▶ _About this exercise_: Exact copy, pictures excluded: write out every line below.

▶ _Data records_:
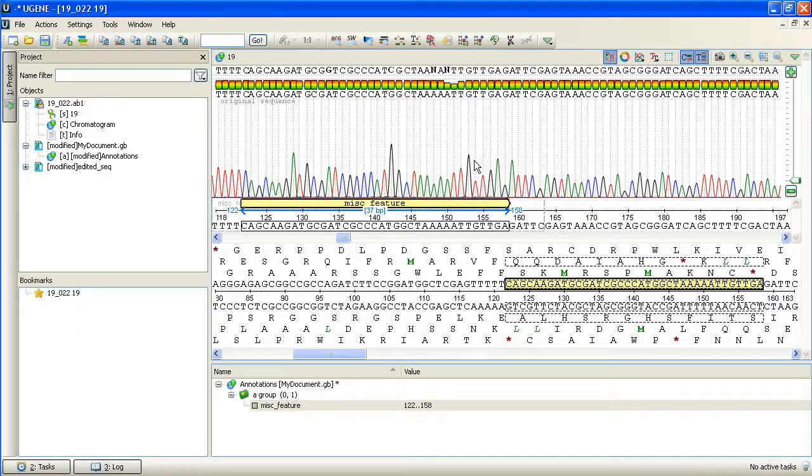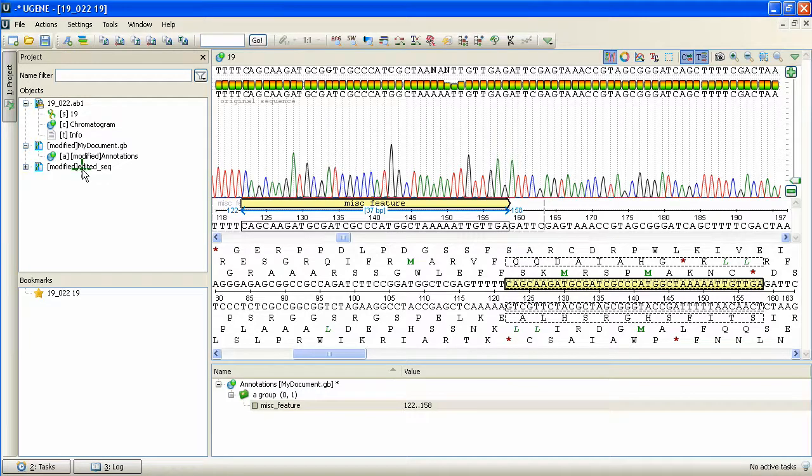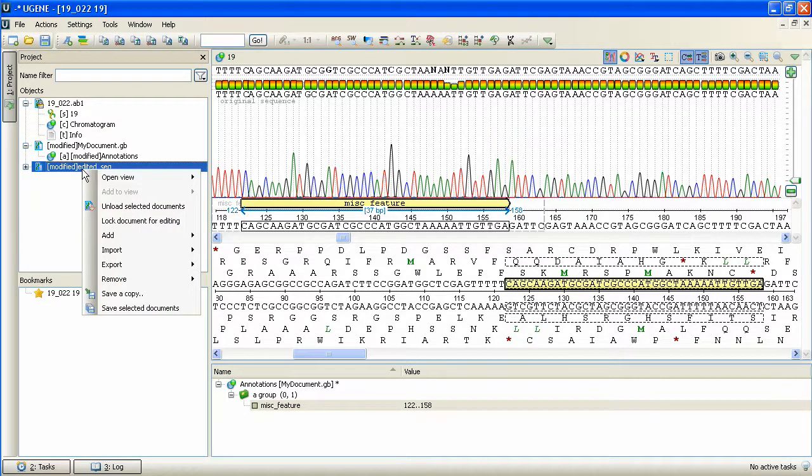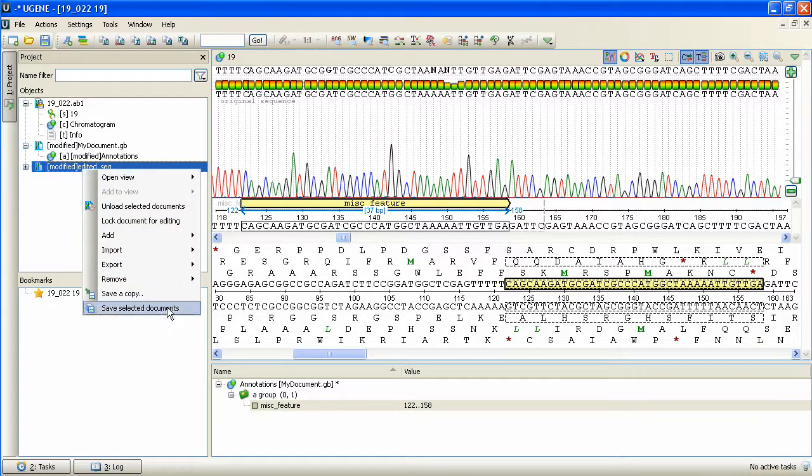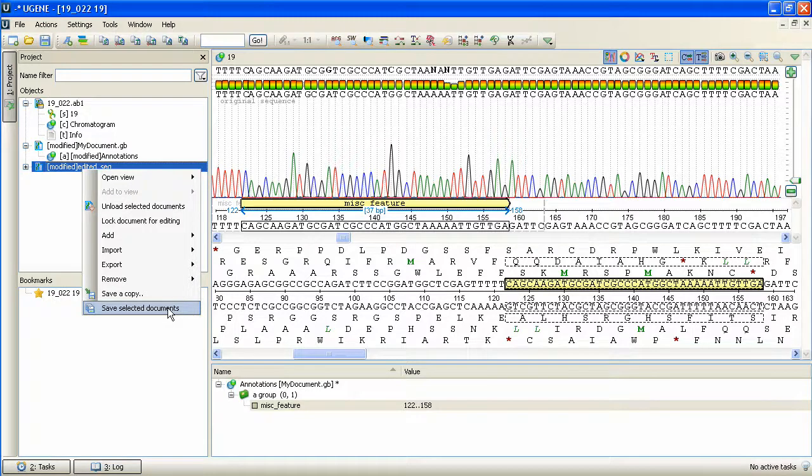Finally, we can save the document by right-clicking on its item within the current project view and selecting Save Selected Documents.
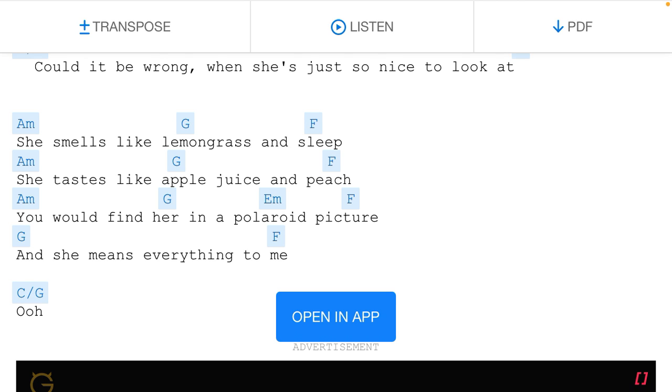And she smells like lemongrass and sleep. She tastes like apple juice and peach.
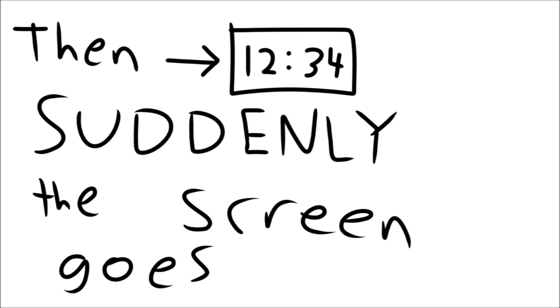Then, suddenly, the screen goes black. This is because the video needs to comply with, you guessed it, COPPA.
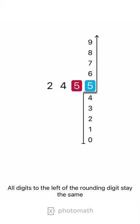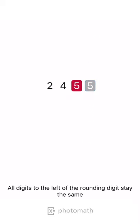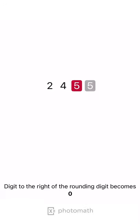All digits to the left of the rounding digit stay the same. Digit to the right of the rounding digit becomes 0.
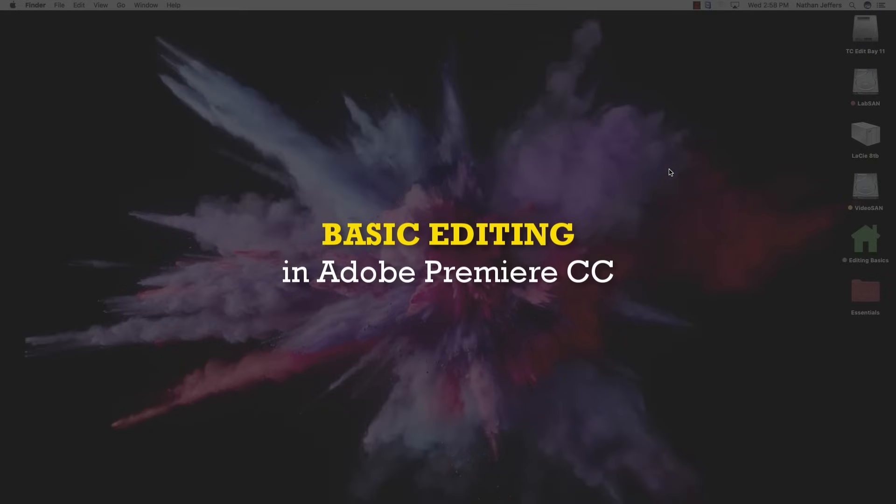I'm Nathan Jeffers, and today we're going to talk about the simplest way for you to start editing in Adobe Premiere CC.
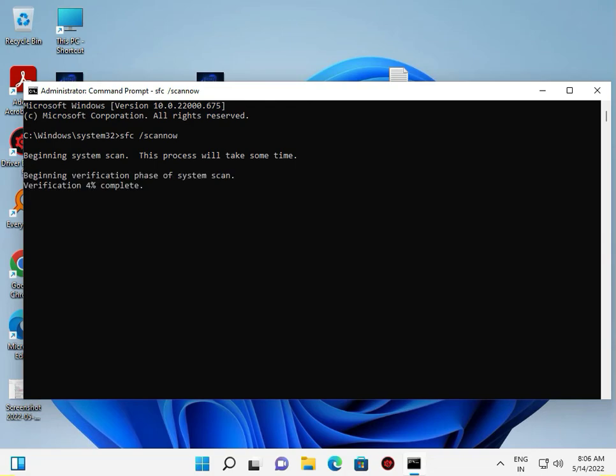Wait for it to complete to 100%. Once finished, restart your computer and check Windows Update again. Thank you, bye bye, take care.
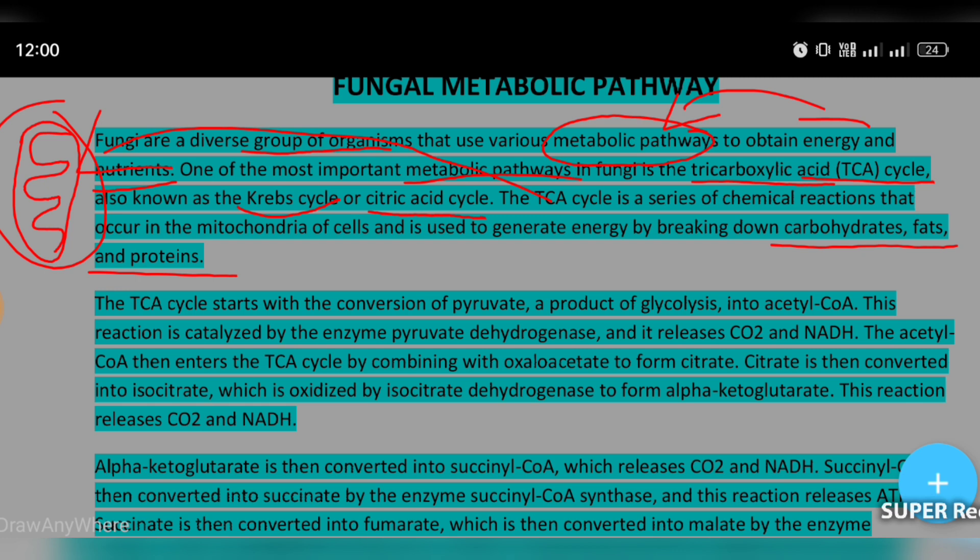That is the important part of the TCA cycle. It is also referred to as the Krebs cycle, citric acid cycle, and tricarboxylic acid cycle.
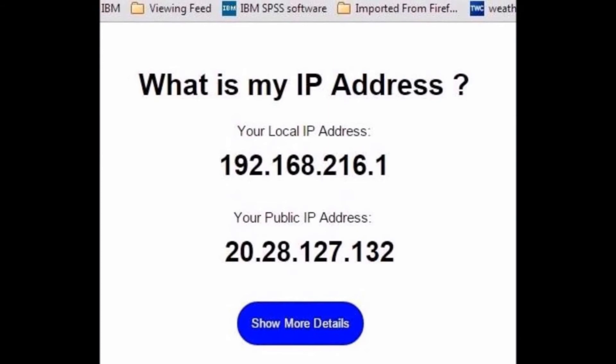But if you search on the web for your IP, it will not show you this local IP. It will show you the public IP address, which is actually the IP address of the gateway which receives the signals from the outside internet.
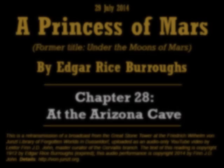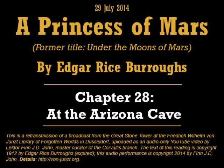I can see her shining in the sky through the little window by my desk, and tonight she seems to be calling to me again as she has not called before since that long dead night, and I think I can see across that awful abyss of space a beautiful black-haired woman standing in the garden of a palace, and at her side a little boy who puts his arms around her as she points into the sky toward the planet Earth, while at their feet is a huge and hideous creature with a heart of gold. I believe that they are waiting there for me, and something tells me that I shall soon know.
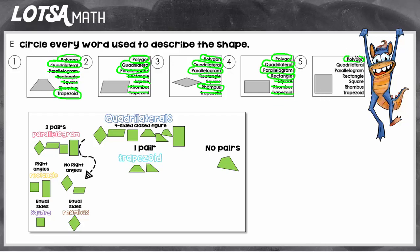A square is a polygon, a quadrilateral, and a parallelogram because it has all parallel sides. It's a rectangle because it's a parallelogram with right angles, and it's a square because it's a parallelogram with right angles and sides that are the same length. So a square is technically a rectangle — all squares are rectangles but not all rectangles are squares. It can't be a rhombus or a trapezoid. Now you try some on your own, and if you need help you can come back and re-watch the video. Good luck!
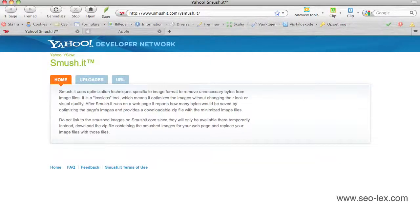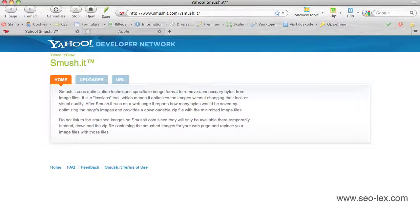Hi, in this video I'm going to show you how to use a very good tool to compress your images and graphics. It's called Smush.it and Yahoo provides this great tool for free.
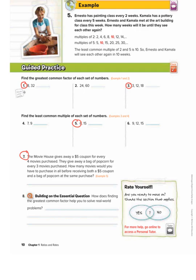Open your workbooks to page 10 and follow along, writing in your workbook what I'm writing here. Today we're going to learn the greatest common factor and the least common multiple.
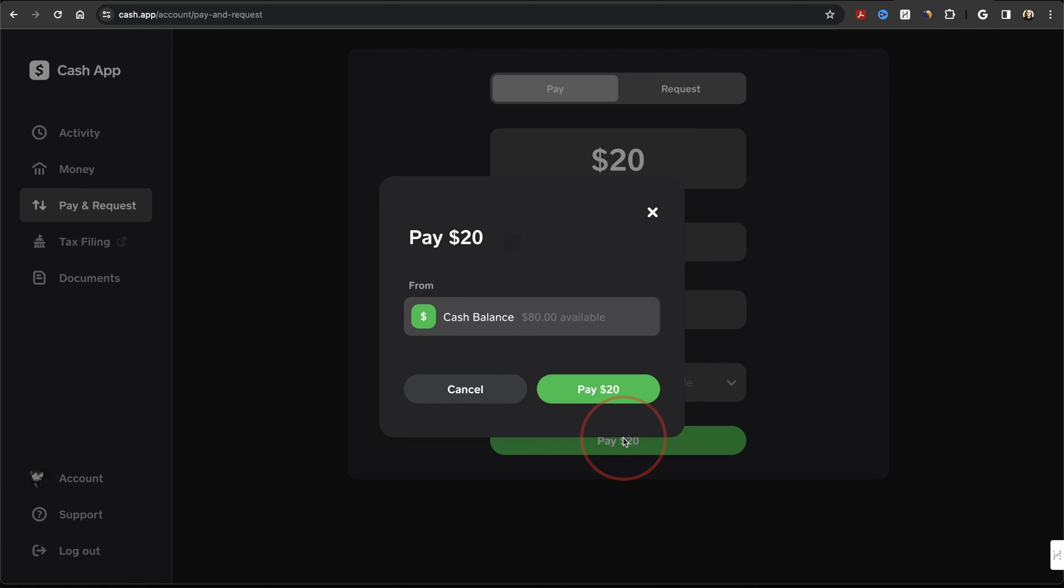You'll then get a pop-up window asking you to review the payment and then confirm. Make sure everything looks good, and when you're ready, hit Pay at the bottom.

▶ _Problem solution_:
Finally, we can save the document by right-clicking on its item within the current project view and selecting Save Selected Documents.
And she smells like lemongrass and sleep. She tastes like apple juice and peach.
Then, suddenly, the screen goes black. This is because the video needs to comply with, you guessed it, COPPA.
All digits to the left of the rounding digit stay the same. Digit to the right of the rounding digit becomes 0.
I'm Nathan Jeffers, and today we're going to talk about the simplest way for you to start editing in Adobe Premiere CC.
Wait for it to complete to 100%. Once finished, restart your computer and check Windows Update again. Thank you, bye bye, take care.
That is the important part of the TCA cycle. It is also referred to as the Krebs cycle, citric acid cycle, and tricarboxylic acid cycle.
But if you search on the web for your IP, it will not show you this local IP. It will show you the public IP address, which is actually the IP address of the gateway which receives the signals from the outside internet.
I can see her shining in the sky through the little window by my desk, and tonight she seems to be calling to me again as she has not called before since that long dead night, and I think I can see across that awful abyss of space a beautiful black-haired woman standing in the garden of a palace, and at her side a little boy who puts his arms around her as she points into the sky toward the planet Earth, while at their feet is a huge and hideous creature with a heart of gold. I believe that they are waiting there for me, and something tells me that I shall soon know.
A square is a polygon, a quadrilateral, and a parallelogram because it has all parallel sides. It's a rectangle because it's a parallelogram with right angles, and it's a square because it's a parallelogram with right angles and sides that are the same length. So a square is technically a rectangle — all squares are rectangles but not all rectangles are squares. It can't be a rhombus or a trapezoid. Now you try some on your own, and if you need help you can come back and re-watch the video. Good luck!
Hi, in this video I'm going to show you how to use a very good tool to compress your images and graphics. It's called Smush.it and Yahoo provides this great tool for free.
Open your workbooks to page 10 and follow along, writing in your workbook what I'm writing here. Today we're going to learn the greatest common factor and the least common multiple.
You'll then get a pop-up window asking you to review the payment and then confirm. Make sure everything looks good, and when you're ready, hit Pay at the bottom.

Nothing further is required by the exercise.